Task: Your output should match the listing below word for word, without any images.

Dataset excerpt:
::::::::
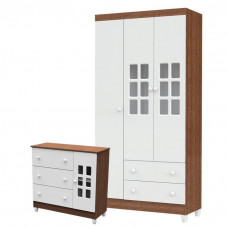Cômoda-Infantil-e-Guarda-Roupa-3-Portas-Mariah-Branco-Acetin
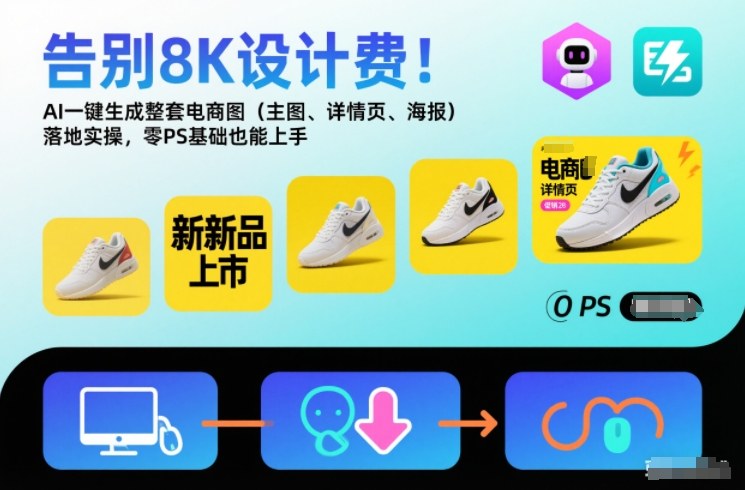 告别8K设计费！AI一键生成整套电商图(主图、详情页、海报)落地实操，零PS基础也能上手-迦哆网创社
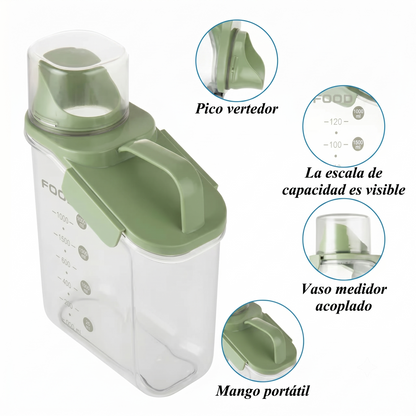 2 Contenedores 1.6 L con Sistema de Sellado Hermético♻️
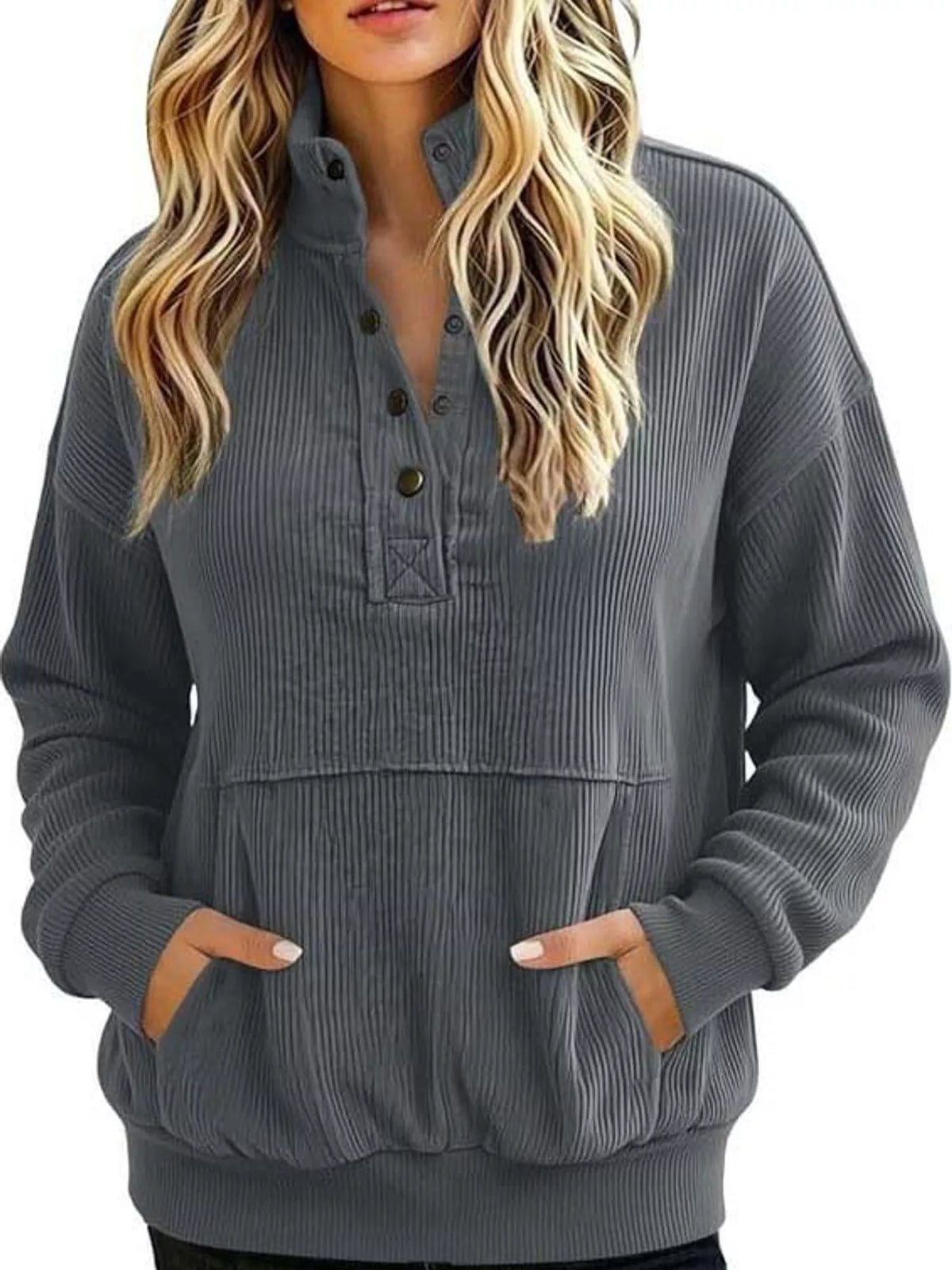 Quarter-snap sweatshirt, gray front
::::::::
Result of this task:
Cômoda-Infantil-e-Guarda-Roupa-3-Portas-Mariah-Branco-Acetin
 告别8K设计费！AI一键生成整套电商图(主图、详情页、海报)落地实操，零PS基础也能上手-迦哆网创社
 2 Contenedores 1.6 L con Sistema de Sellado Hermético♻️
 Quarter-snap sweatshirt, gray front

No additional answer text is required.